By the time I discovered The Brady Bunch, the all-too-sweet comedy TV series featuring a
widow with three girls who marries a widower with three boys it had already
been cancelled. It was a few years after 1974 and I remember how I used to
hurry home from school to catch the latest episode in rerun which aired weekdays
at 4 in Canada right after reruns of One
Day At A Time (a contender for a future blog entry, for sure). Of course I found
the series to be so moralistic and silly but all I wanted was to connect with
something that was the opposite of my miserable life (an alcoholic dad, a mean
mom, a delinquent brother, a bullied school environment). And if I needed, say,
Mike and Carol Brady and their squeakily clean kids to help me achieve this,
then so be it.
When all America was going gaga for Marcia, Marcia,
Marcia! I, on the other hand, had a soft spot for middle-child Jan. She had a
thing about her that made me relate to her even more. It was probably the fact
that she kept playing second fiddle to everyone, a bit like I felt all the time.
Anyway, to make a long story short if I could have had one curl on each side of
my face like she did (for a while anyway) I probably would have done so in a
jiff. With my luck I would have looked more like a Rabi—a gay-bashed Rabi (!),
mind you—but I sure would have felt even closer to that character.
So imagine my happiness when I happened to discover
sweet insecure little Jan in a late night TV-movie a few months later. In it
she played a hooker—yes a hooker. It
was called DAWN: PORTRAIT OF A TEENAGE
RUNAWAY (1976) and it told the tale of a 15 year-old who flees from her
troubled home (like mine?) to end up on Hollywood boulevard where she meets sweet
Alexander (played by Leigh McCloskey from TVs DALLAS) who unwillingly introduces
her to prostitution. Alexander is also a fellow runaway who sells his body but
(here’s the big kicker, especially in those days) to lonely or not-so-lonely middle
aged men. Witnessing this part (though it is mostly if not totally suggested) was
a first for me, since homosexuality was barely visible on TV during those days.

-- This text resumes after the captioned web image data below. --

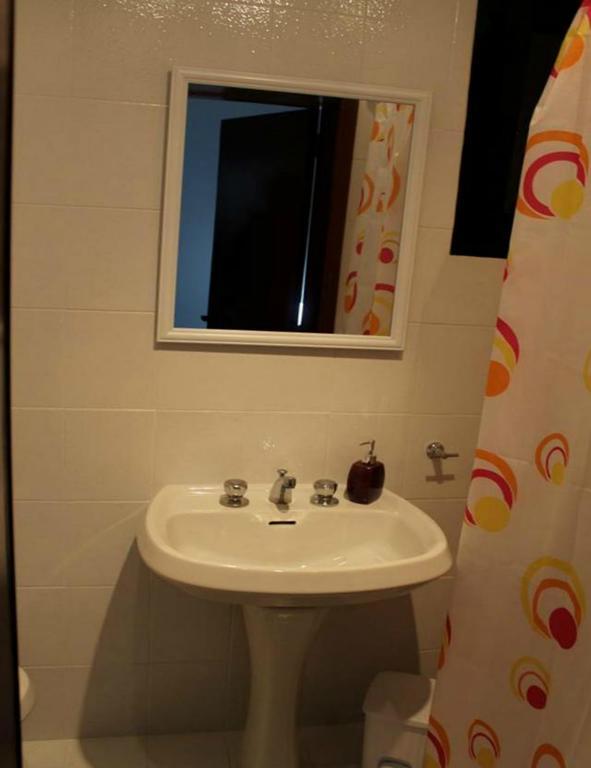 Lo Specchio Del Salento Bed and Breakfast Λέτσε Δωμάτιο φωτογραφία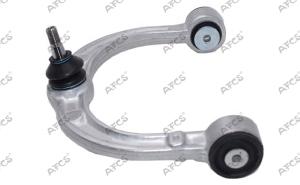 Wholesale Track Control Arm Ball Joint 2513300707/2513300807 Mercedes Benz Suspension Parts from china suppliers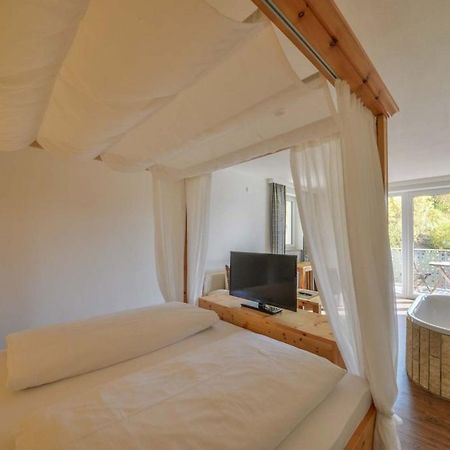 קינדינג Hotel Gasthof Heckl מראה חיצוני תמונה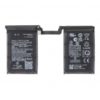 Asus ROG Phone 6 (AI2201) Battery - C21P2101 - 5850 mAH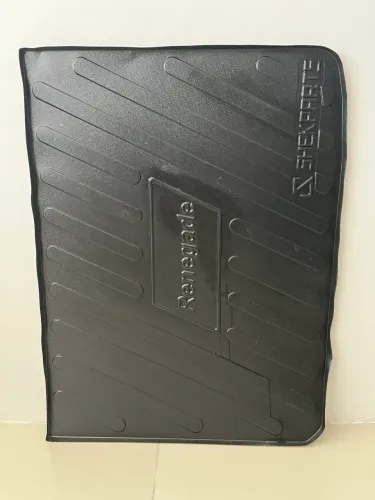 Bandeja mala Jeep Renegade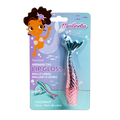 Martinelia Mermaid Tale Coconut Lip Gloss 1.9 g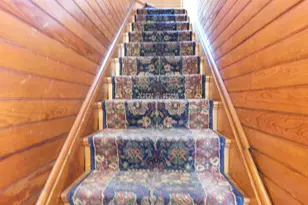 18 Monroe Street, Auburn, ME 04210 - Photo 73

Though it was viewed as a bad thing, the
lost little guy in me was pretty satisfied being able to peek at a world far
from his own yet still close enough to resonate with him.
When Dawn eventually breaks ties with prostitution
(way to go, Jan!) it is mostly with the help of Alexander—with whom she has
fallen in love. She finally agrees to go
back home after he promises to come back for her when he’s saved enough money,
thus both moving on to ALEXANDER: THE OTHER SIDE OF DAWN, the TV-movie sequel,
which aired a year later after the success of DAWN: PORTRAIT OF A TEENAGE RUNAWAY on NBC.
I saw both movies back to back that summer night in
the late ‘70s. I wanted the story to continue on as a weekly series which, come
to think of it, would have been entirely impossible on account of the heavy subject
matter of the time. Yet I connected with these two characters and I spent the remaining
year looking out for other TV plots resembling the Dawn and Alexander duo movies
or something in the same vein. I found many like LITTLE LADIES OF THE NIGHT
(1977), DIARY OF A TEENAGE HITCHHIKER (1979) BILLY: PORTRAIT OF A STREET KID
(1975), I WANT TO KEEP MY BABY (1976), BORN INNOCENT (1974), CAGED WITHOUT A
KEY (1975), SARAH T. - PORTRAIT OF A TEENAGE ALCOHOLIC (1975), THAT CERTAIN
SUMMER (1972), NIGHTMARE IN BADHAM COUNTY (1976) which I already reviewed here.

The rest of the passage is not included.